While forward-drinking americans have only recently become acquainted with the fiery sugarcane spirit that fuels the Caipirinha cocktail, Brazilians have indulged their taste for cachaça—the requisite spirit in this celebrated lime concoction—since 1532, when the earliest Portuguese colonists sailed to South America from Madeira with cuttings of sugarcane.
Cachaça (pronounced kuh-SHA-suh) is distilled from the unrefined juice of that tropical plant, distinguishing it from rum, which is made from the molasses that results from boiling sugarcane juice. The ever-so-slight difference in preparation yields a liquid with a sweet aroma (a combination of mildly spicy tobacco and green bananas) that belies an incendiary taste not always suited to the unprepared palate. This fire-water quality—and the traditional belief that cachaça was first imbibed 400 years ago by plantation slaves—caused many in Brazil to regard it as a poor man’s drink. Today, however, cachaça enjoys a more democratic image, as pauper and plutocrat alike take pleasure in guzzling it down (albeit in dramatically contrasting grades). The 80-proof liquor is a $500 billion business in Brazil, with about 4,000 different brands sold inside its borders. Still, only 1 percent of the cachaça produced makes its way onto the international market.
This dearth may abate as Brazil’s distillers aim to expand the current $9 million export market. The liquor’s increasing appeal as the exotic drink of choice among the world’s elite has abetted its current, more sophisticated aura, while more elaborate manufacturing processes have lent to this Brazilian export some of the mystique associated with other, more urbane spirits, such as bourbon or malt whiskey. Leading labels such as Ypióca (Brazil’s best-selling brand), Germana, and Toucano now offer cachaças that have been aged for up to five years, fostering—as with aged tequila—mellower, more complex flavors.
In the past, the crushed limes and sugar in Caipirinhas were intended to mask the sometimes pungent flavor of cachaça. But the new generation of releases stands on its own—and is appearing on beverage menus from Manhattan to Los Angeles. “I love a Caipirinha!” exclaims restaurateur Mary Sue Milliken, who, with partner Susan Feniger, runs the Latin-themed Ciudad in downtown Los Angeles. “You get the oils from the skin of the lime as well [as the lime juice]. It’s a great way to get that liquor down.”

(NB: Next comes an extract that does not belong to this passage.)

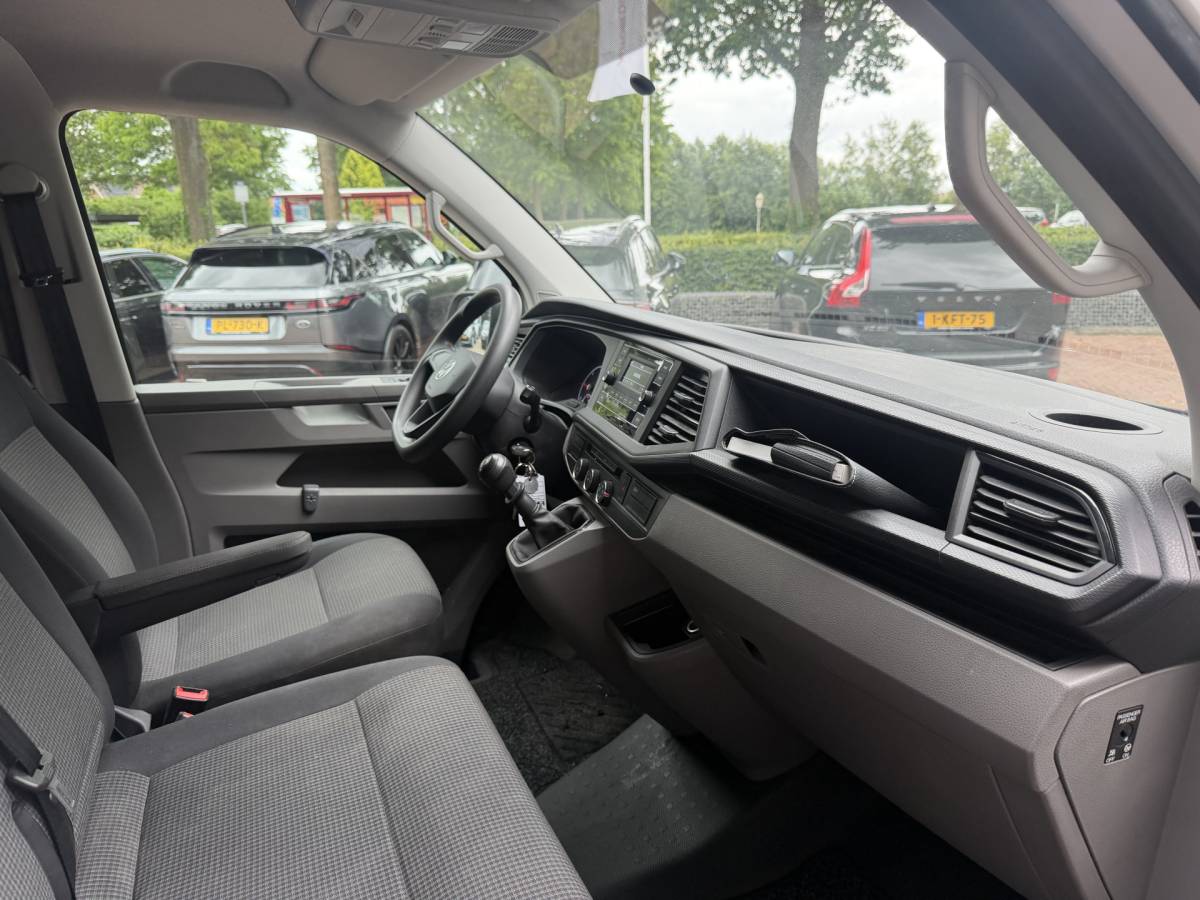 Volkswagen Transporter Volkswagen Transporter 2.0 TDI L2H3 Bj 2023 Km 37.000 BPM VRIJ APK 07-2027 1e eigenaar !!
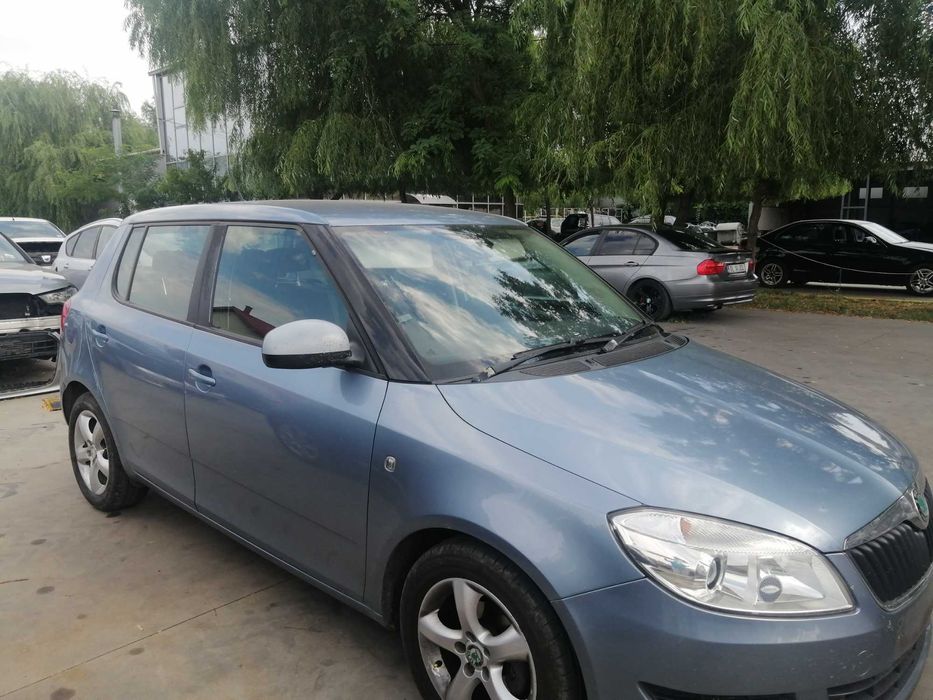 Dezmembram Skoda Fabia 2 motor 1.6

Milliken’s affinity for cachaça goes way back. “The first time I had a great number of Caipirinhas was in Santiago, Chile,” she explains. “This was about seven or eight years ago, and I was shocked [when] they said cachaça was the most consumed alcohol spirit in the world.”
Ciudad’s Caipirinha calls for two small limes sliced into eighths, then placed in a muddler and sprinkled with two teaspoons of superfine sugar. These ingredients are then muddled until the sugar dissolves, then placed in a rocks glass, covered with ice, topped with cachaça, and stirred with a stirrer. The beauty of the recipe is that imbibers keep muddling with the stirrer, releasing more flavor as they drink.
While Milliken enjoys the boost cachaça has given her own business, she is also glad to see a broader selection of high-quality brands in the U.S. market. “We could get it from distributors here [years ago], but there wasn’t a lot to choose from.”
The cachaça connoisseur, when making his choice, will select one that is absolutely clear and that has a thick, almost oily texture that causes it to cling to the side of the glass. A variety of exceptional brands can now be found in major-market specialty liquor stores and through online retailers, including the Chicago-based Sam’s Wines & Spirits (www.samswine.com), The Whisky Exchange (www.thewhiskyexchange.com), and TheDrinkShop.com Ltd. (www.thedrinkshop.com).
Of course, as convenient as these sources may be, the best method for acquiring a bottle remains the same: a weekend shopping trip to Brazil.